トレンドマイクロは、ユーザーの同意を得ずにユーザーのデータを収集し無断送信する機能を備えたスパイウェア同然のソフトをmacOS向けApp Storeにて配信していたことが発覚し、9月上旬、全てのトレンドマイクロ製 iOS / macOSアプリが削除され、トレンドマイクロのデベロッパー登録ページにもアクセスできなくなっていました。
トレンドマイクロは10月31日、釈明文を掲載。セキュリティ事業者であればユーザーの情報を収集する必要があるとの主張を展開。セキュリティ事業者を医師になぞらえ、医師が世界中で分析を行うことで医療は過去100年間進歩したことを以て、ユーザーからの無断情報収集を正当化しました。
セキュリティとは関連性がないアプリ(例:バンキングアプリ)で悪いことが起きるのを適切に防ぐといった形で当社が一歩先を行くためには、一定レベルの状況把握が必要になると考えております。
(中略)
医療分野において過去100年間にもたらされた目覚しい発展によって、我々は恩恵を受けてきました。この成功の要因の一つは、エコシステム全体での世界レベルでのコラボレーションにあります。医師は世界中の事例を分析しています。サイバーセキュリティの分野でも同様で、エコシステム全体が役割を果たすことに頼っています。

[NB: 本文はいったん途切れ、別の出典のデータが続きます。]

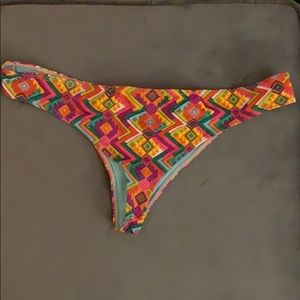 Patterned cheeky bikini bottom
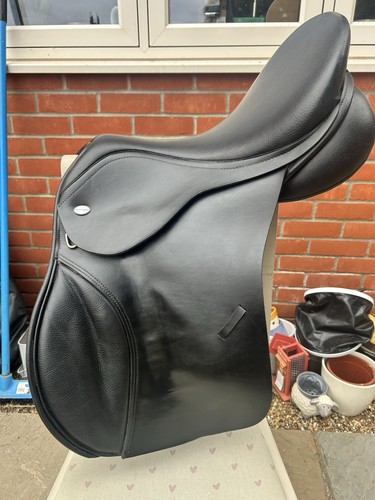Throwgood saddle black - gp,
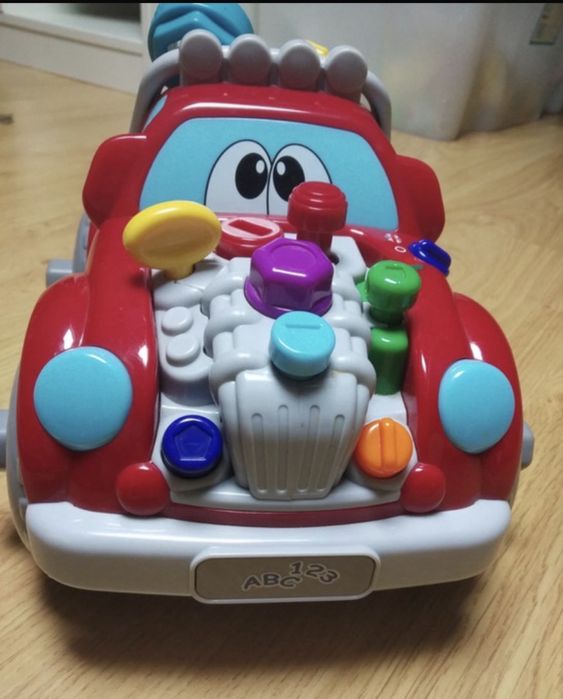 Carro musical infantil com sons e luzes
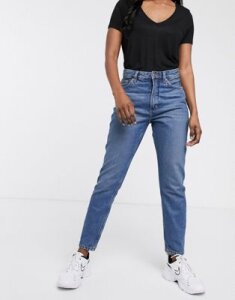 Monki Kimomo high waist mom jeans with organic cotton in classic blue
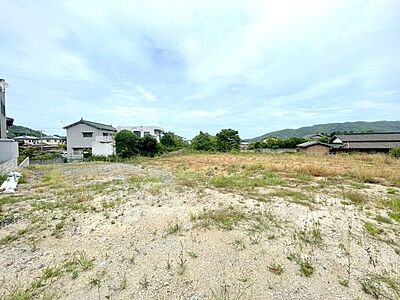 外観：門司区吉志　売土地♪平坦地♪現況更地♪土地面積約308坪♪建築条件無し♪閑静な住宅街♪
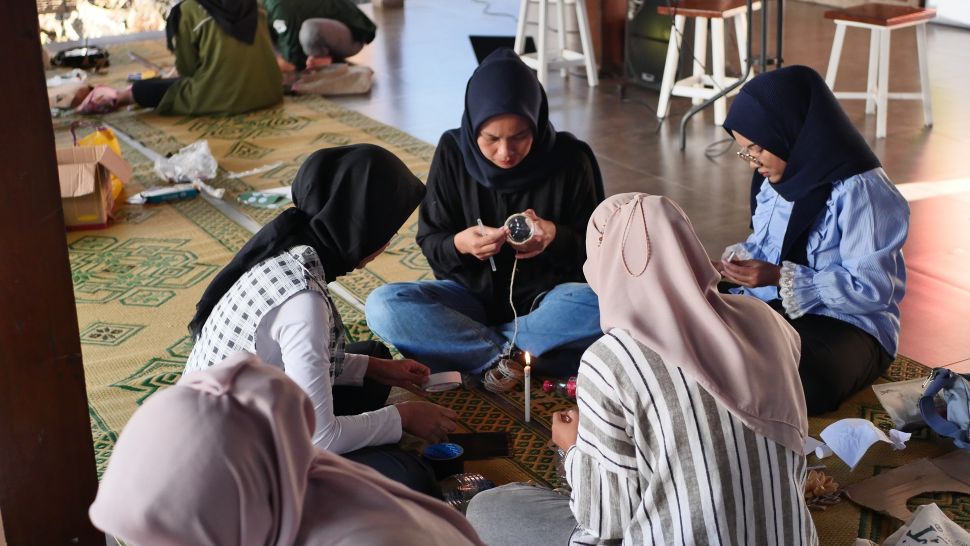 Challenge membuat kerajinan dari sampah (Yoursay)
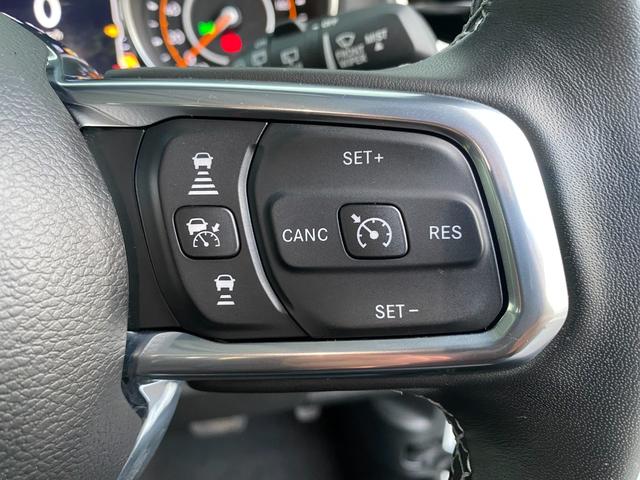 ジープ・ラングラーアンリミテッド サハラ 革シ-ト Bluetooth AppleCarPlay LEDヘッドライト フルセグ ACC 全面衝突警報 バックカメラ サイドカメラ フロントカメラ ブラインドスポットモニタ-  認定中古車保証付き(27枚目)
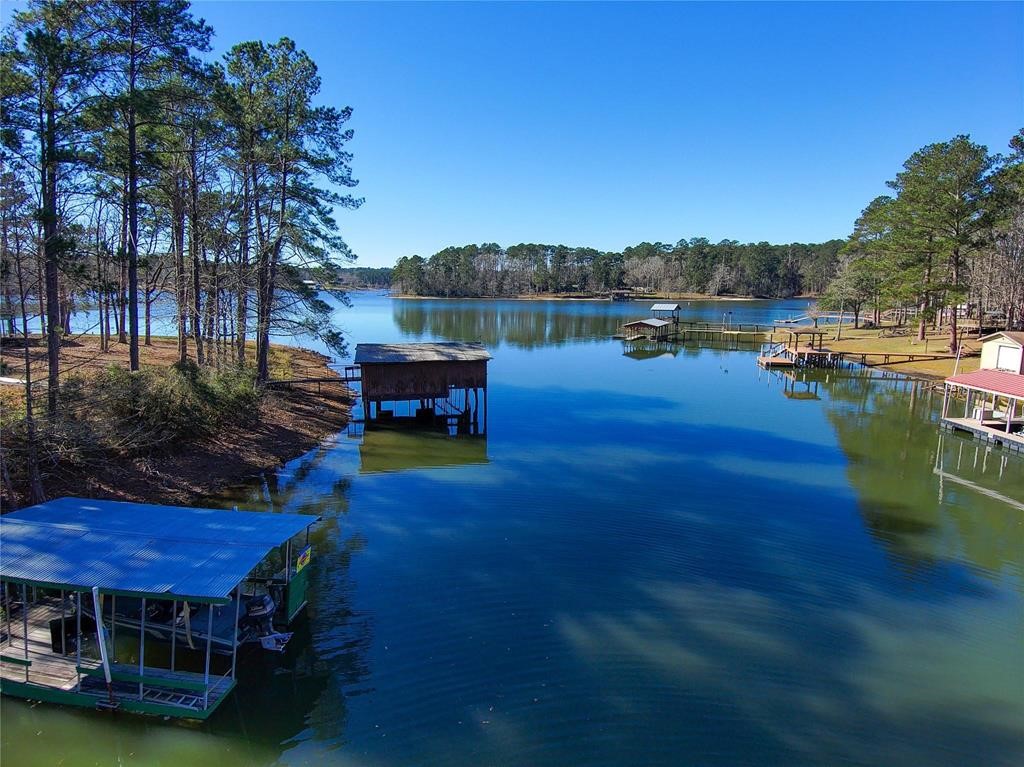 170 Crestwood Drive Property Photo 3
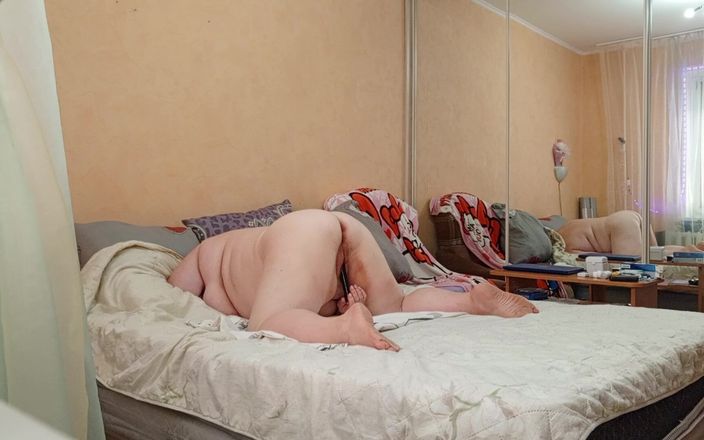 Zona901: Namorada com bunda grande masturba sua buceta peluda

本件に関する皆さまのご理解とご協力にあらためて感謝申し上げます。同時に、過去30年間取り組んできているように、当社は世界各地にいる数多くのお客さまに対して最善のセキュリティ保護、プライバシー保護を提供すべく、たゆまぬ努力を継続してまいります。
こうしたトレンドマイクロの声明について、セキュリティ研究家の高木浩光氏は、セキュリティ業界の信用を傷つける思想をトレンドマイクロが開陳したものであるとして厳しく批判しています。

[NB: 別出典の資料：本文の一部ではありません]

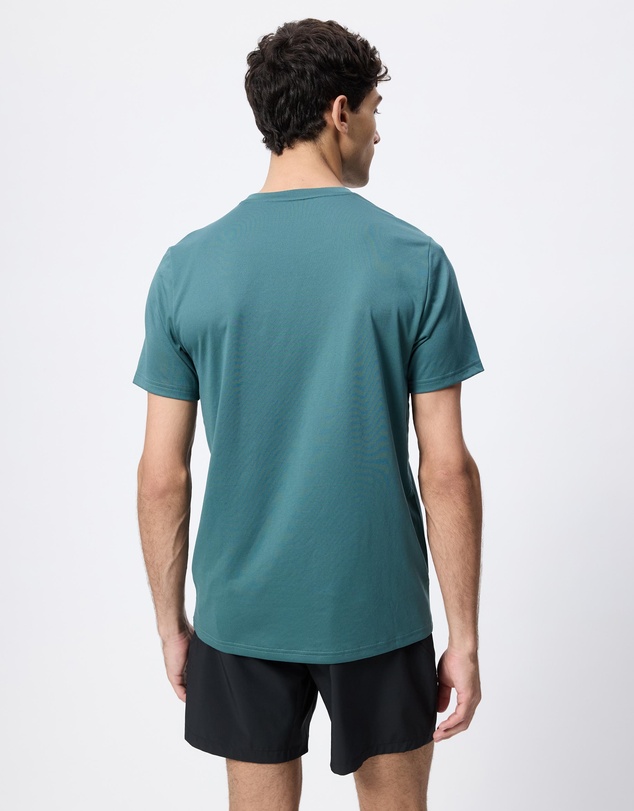 Puma - Train All Day Essentials Solid Cat Tee (LC Small Cat)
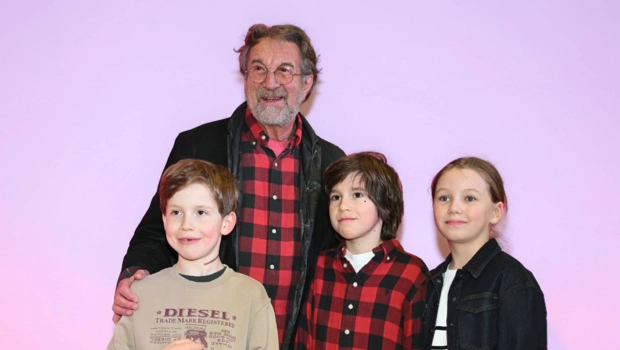 Леонид Ярмольник высказался о жизни с двумя внуками: «Устаю, но с удовольствием» Леонид Ярмольник высказался о жизни с двумя внуками: «Устаю, но с удовольствием»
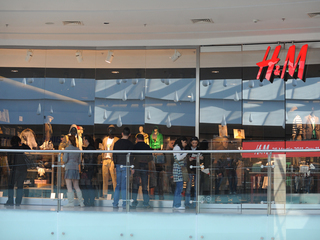 H&M a depășit pragul de 100 mil. euro după trei ani în România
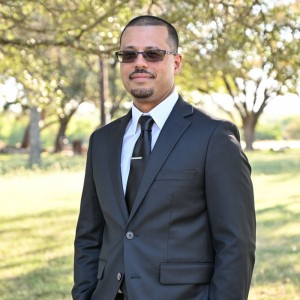 Orlando Valle Jr., MD, FACOG, an Obstetrician-Gynecologist with Geisinger Medical Center 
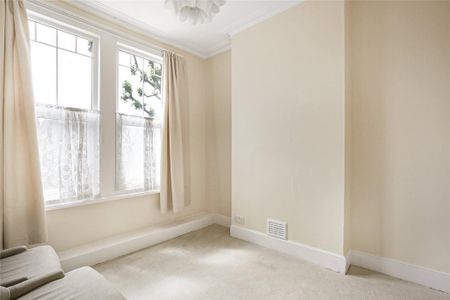 4 bedroom apartment to rent - Photo 3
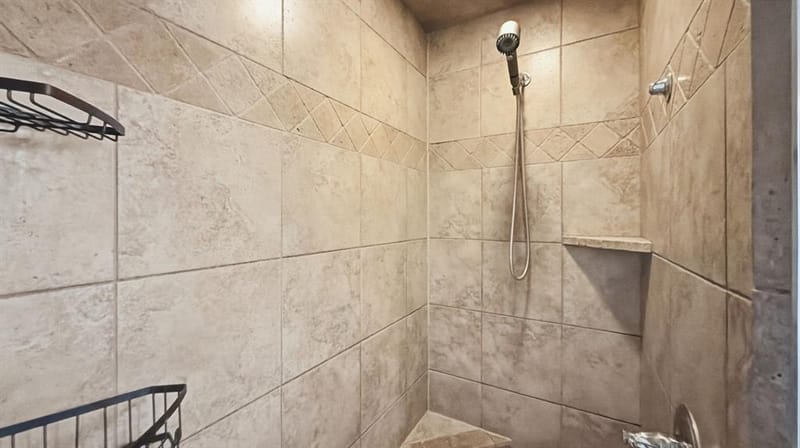 1903 W Spanish Oak Drive, Granbury TX 76048 - Photo 35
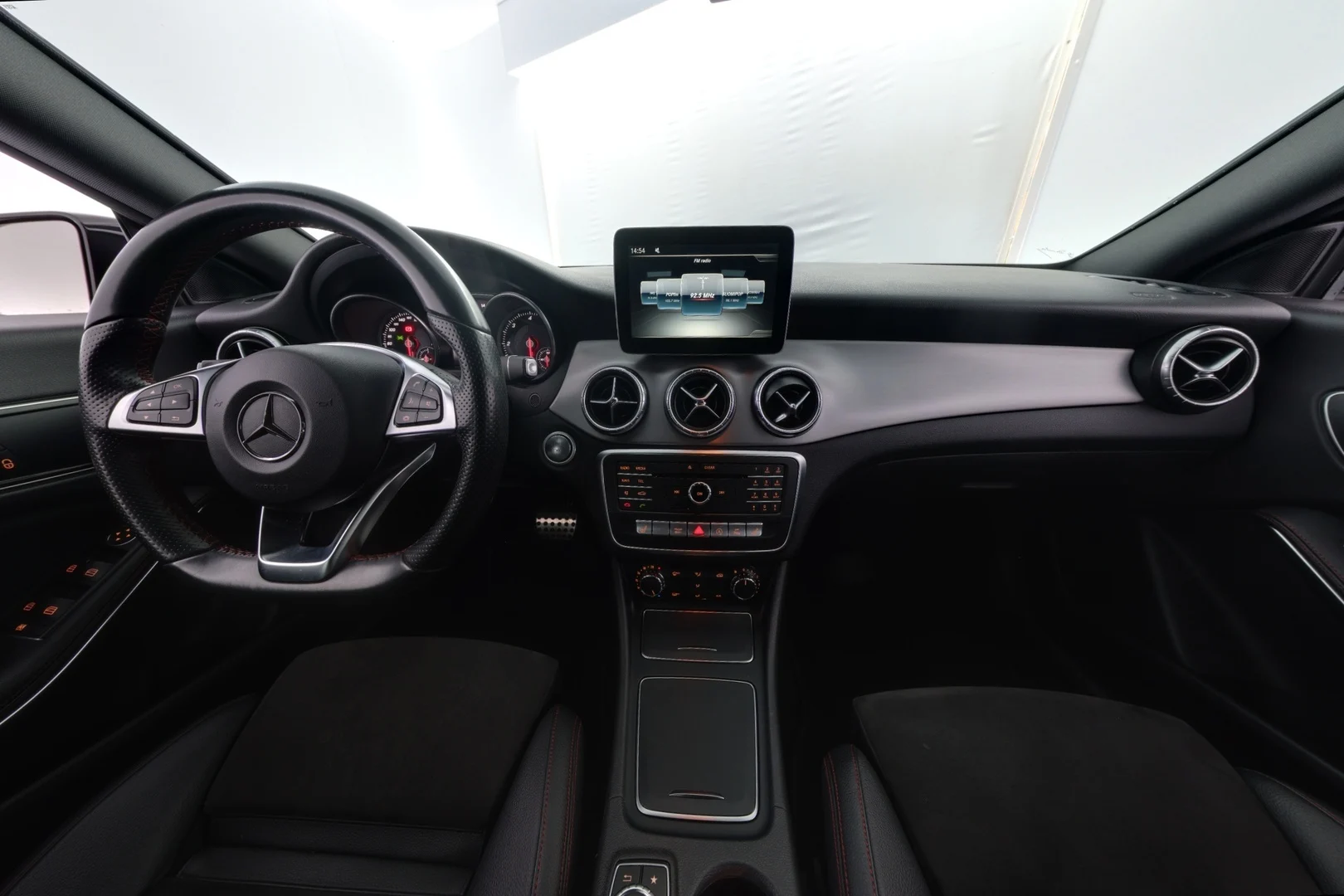 Car Image - 4sfT0wTEpKyYtcRwH9qccb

セキュリティ企業Kasperskyが解説しているように、iOSにはその仕組み上、アンチウイルスアプリはそもそも存在できません。さもウイルスをバスターできるかのような紛らわしい名称のソフトがあったからと言って、安易に購入してはいけません。ユーザーはセキュリティに関する最低限のリテラシーを持った上で、ツールを取捨選択する必要があります。